Our country’s slow transition to EVs is attributed to a range of factors including lack of policy certainty and incentives for the local manufacturing industry, high import duties for EVs, an unstable electricity supply and inadequate charging infrastructure.

Encouragingly, there have been positive developments in recent months, including the publication of the EV White Paper by the Department of Trade, Industry and Competition in December 2023, which has provided some policy direction.

Finance Minister Enoch Godongwana’s Budget speech announcement that manufacturers would be able to claim 150% of qualifying investment spending on electric and hydrogen-powered vehicles and that an additional R964 million to support the transition to electric vehicles was also welcome news.

However, since the announcement in February, there has been little detail provided on what the funding will entail.

And, despite the White Paper focusing on the need to ramp up South Africa’s charging infrastructure to support the transition to EVs, there has been little attention given to this by the government.

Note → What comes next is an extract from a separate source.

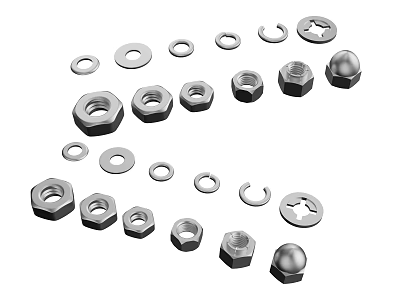 Various Metal Industrial Fasteners Including Nuts Washers And Bolt Heads 3d model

Of even greater concern is that private companies who are investing in the development of charging infrastructure in South Africa, are faced with cumbersome processes and stringent requirements imposed by various government regulatory bodies in order to get approval for the building of charging stations.

Our company, Zero Carbon Charge, is investing R2.3 billion to build 120 EV charging stations approximately 150km apart that will be off-grid and powered by Solar PV and will be able to charge any EV at its maximum charging rate. Critically, the network won’t place further strain on our national grid and will contribute towards South Africa’s net zero goals.

However, stringent land use and environmental applications required by local, provincial authorities and the South African National Road Agency, as well as the absence of a national policy on the development of EV charging infrastructure, is hampering our roll-out efforts.

If South Africa hopes to catch up with other developing countries, it needs to take urgent action to create conducive environment for the sale of EVs and the building of off-grid charging infrastructure. The action plan must include incentives to make EVs more affordable and attractive to consumers, such as the tax exemption introduced by the Chinese government in 2014, and the streamlining of regulations and approval processes for the building of charging stations.

We are committed to playing our part in South Africa’s EV revolution and have written to Godongwana, Transport Minister Sindisiwe Chikunga and Trade, Industry and Competition Minister Ebrahim Patel, requesting engagements on the policy environment and bottlenecks hampering the mass take up of EVs by South Africans. If we want to achieve real EV market penetration in this country and avoid being left behind, we need to take the bold steps taken by China over the past decade.